» What to produce
Please write out the line containing "Беспроводная мышка Baseus" and each line after it through the end of the data, exactly, and nothing else.

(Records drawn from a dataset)
◇ ◇ ◇

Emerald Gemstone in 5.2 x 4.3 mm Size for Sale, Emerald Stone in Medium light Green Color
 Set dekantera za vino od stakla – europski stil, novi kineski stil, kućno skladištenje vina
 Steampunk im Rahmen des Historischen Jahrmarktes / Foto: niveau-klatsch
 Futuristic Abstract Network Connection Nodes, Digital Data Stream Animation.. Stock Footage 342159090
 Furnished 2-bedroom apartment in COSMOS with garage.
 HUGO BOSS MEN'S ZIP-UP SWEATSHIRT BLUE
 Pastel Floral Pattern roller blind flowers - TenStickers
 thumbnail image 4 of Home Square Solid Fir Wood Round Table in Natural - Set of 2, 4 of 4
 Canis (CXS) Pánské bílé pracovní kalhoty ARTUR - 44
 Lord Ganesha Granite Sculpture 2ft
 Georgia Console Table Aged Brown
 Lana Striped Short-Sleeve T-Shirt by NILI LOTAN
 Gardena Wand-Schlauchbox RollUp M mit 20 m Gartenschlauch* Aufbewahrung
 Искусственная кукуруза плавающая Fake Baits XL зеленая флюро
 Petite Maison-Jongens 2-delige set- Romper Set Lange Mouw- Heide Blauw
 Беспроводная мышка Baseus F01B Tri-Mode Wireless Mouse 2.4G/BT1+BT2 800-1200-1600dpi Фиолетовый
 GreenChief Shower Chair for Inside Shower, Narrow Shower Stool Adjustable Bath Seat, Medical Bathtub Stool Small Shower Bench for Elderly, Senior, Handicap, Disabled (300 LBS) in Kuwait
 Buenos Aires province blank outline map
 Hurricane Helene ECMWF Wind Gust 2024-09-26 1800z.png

◇ ◇ ◇

» Answer for this exercise
 Беспроводная мышка Baseus F01B Tri-Mode Wireless Mouse 2.4G/BT1+BT2 800-1200-1600dpi Фиолетовый
 GreenChief Shower Chair for Inside Shower, Narrow Shower Stool Adjustable Bath Seat, Medical Bathtub Stool Small Shower Bench for Elderly, Senior, Handicap, Disabled (300 LBS) in Kuwait
 Buenos Aires province blank outline map
 Hurricane Helene ECMWF Wind Gust 2024-09-26 1800z.png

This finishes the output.